In face-to-face interactions, Bell and her classmates can learn much about each other—not just from their words, but also from their clothing, tone of voice, and body language. Such visual cues are missing on social networking sites. Instead, language and culture become much more important in constructing a person's online identity. With feedback from Poulakos and their classmates, students learn how their word and image choices—combined with other people's own background and experiences—influence perceptions.
Ebaa Elmelik, a marketing and international studies senior from Sudan, posted on her MySpace page that she grew up in Qatar and loves her independence at Iowa. She was stunned when some of her classmates assumed she was comparing her freedoms in America to those in the Middle East. Actually, she was referring to the same liberation from parental control that most college students experience.

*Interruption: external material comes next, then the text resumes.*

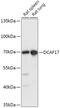 DDB1 And CUL4 Associated Factor 17 antibody, 18-096, ProSci, Western Blot image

Poulakos used the moment to emphasize the importance of clarity in verbal and written interactions—not only online, but in other parts of life. Says Elmelik, "You think everyone understands what you're saying, but people have their own interpretations."
The language and structure of social networking sites further complicates selfexpression. Facebook asks users to define themselves more by what they consume— such as movies, music, and books—than by their personality, character, and values. Because these sites are more conducive to pop culture discussions, other ways of seeing the world tend to be drowned out. "[These Web sites] magnify the popular discourse, so that the only thing that circulates is the dominant form of culture," says Poulakos. "If you speak from another view, you're looked at as an oddity."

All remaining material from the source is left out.